Where is the $100 e-reader that runs for a year on one set of AAA batteries?


While Kindle touch won't run a year on AAA batteries, it's not that far away of it. Based on my calculations I'd guesstimate that Kindle should run at least a month with 2xAAA batteries (assuming same "multiplier" that WikiReader uses, 90 hours = 1 year => 10 hours = 1 month). I'd argue that it's good enough.


I think they were posting from the opposite side of things, more "Given a $100 device that runs for a year on one set of AAA batteries; why not put Wikipedia and Project Gutenberg books and OpenCourseware and everything else possible on it."



Open this page on your WikiReader to get fully meta :).


Making one of these available to every 5-7th (or so) student would be massive improvement to education than just about anything of comparable cost/effort.


According to the wiki article on the WikiReader: The device can also run programs written in Forth, so you can write WikiReader 'apps' also.


I bought one of these recently during a sale.

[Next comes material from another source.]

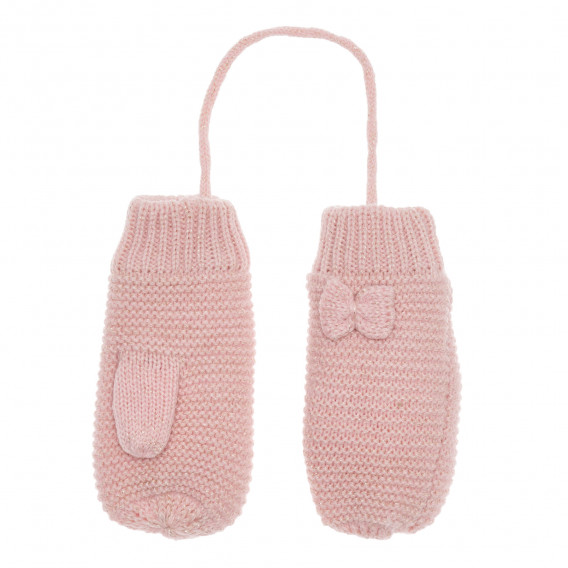Cool κλαμπ πλεκτά παιδικά γάντια σε ροζ χρώμα με κορδέλα Cool club 324954 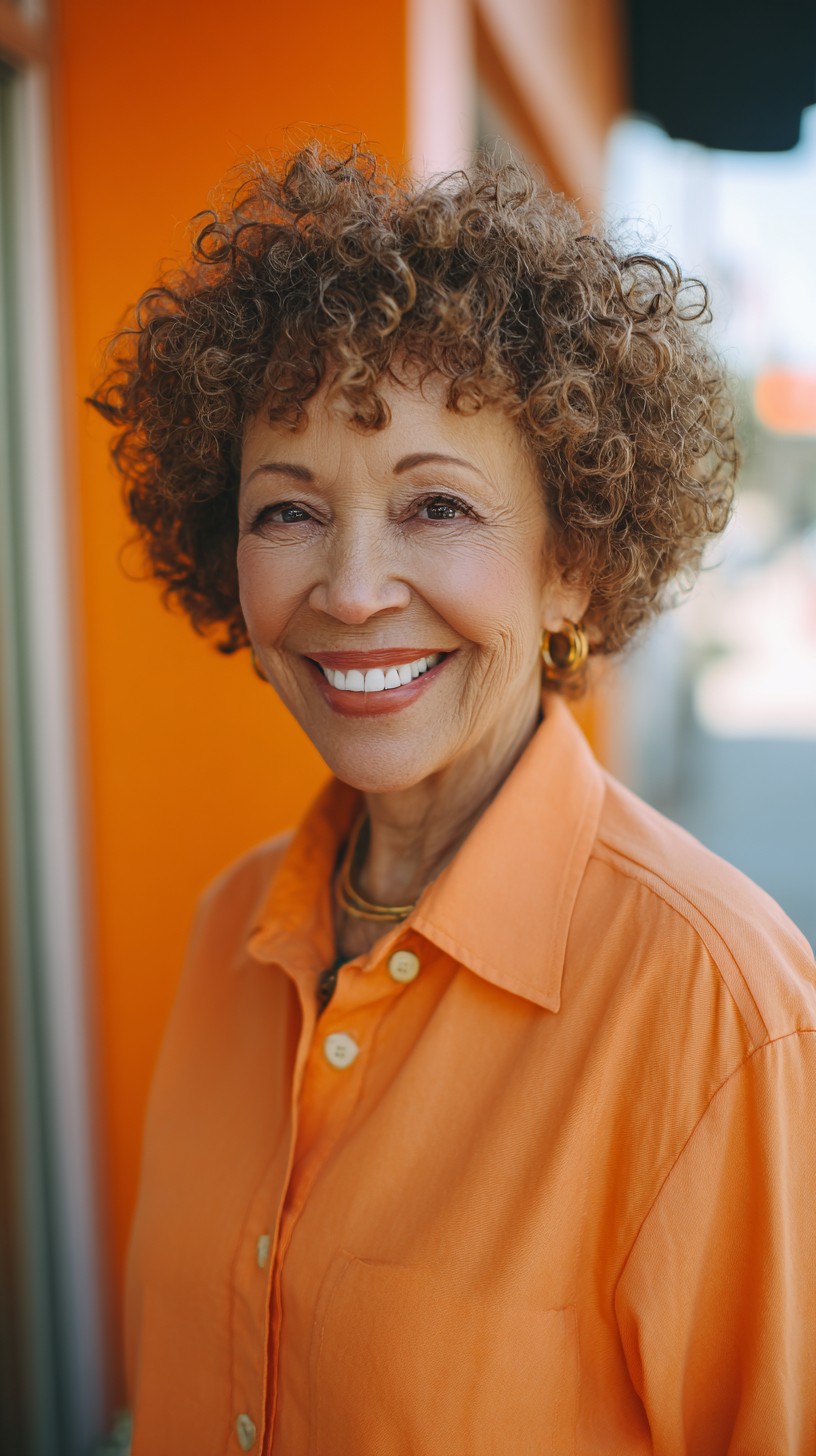 Dynamic Cinnamon Spiral Curls for a Youthful Look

Picked it up for about $30.

It's really nice. microSD is easy access, and AA is awesome as a power source for this little thing. I love the idea of giving these to kids in school.

The software is open source, and you can add custom wikis to the existing software.



this looks awesome and what not, but i feel the screen itself is my biggest gripe. i'm only judging this based on the pictures on amazon, so it could look better in person. the screen makes it look like a device you would have found in the 90's :\


What it really looks like is one of the shitty "handheld videogames" your dick uncle gave you for Christmas instead of a GameBoy game. You know the ones, with predefined sprites in predefined positions that would sort of move around with the eventual refresh? The kind your Casio calculator outperformed? The kind you could find in the dollar stor for $6?

I love the idea, but I'm with you on the screen. I'd be willing to shell out more for something Kindle-like.


This is kinda what I wanted to do with the peek devices that were being given away last month. Unfortunately very little progress has been made with the Peek and Linux.


And so the encyclopedia has come full-circle!

I might buy one of these someday for the sheer enjoyment of developing something silly for it.


I think 'internet-less' is a doomed technology


Isn't there an app for that?


I'm still eagerly waiting for an e-ink version to show up.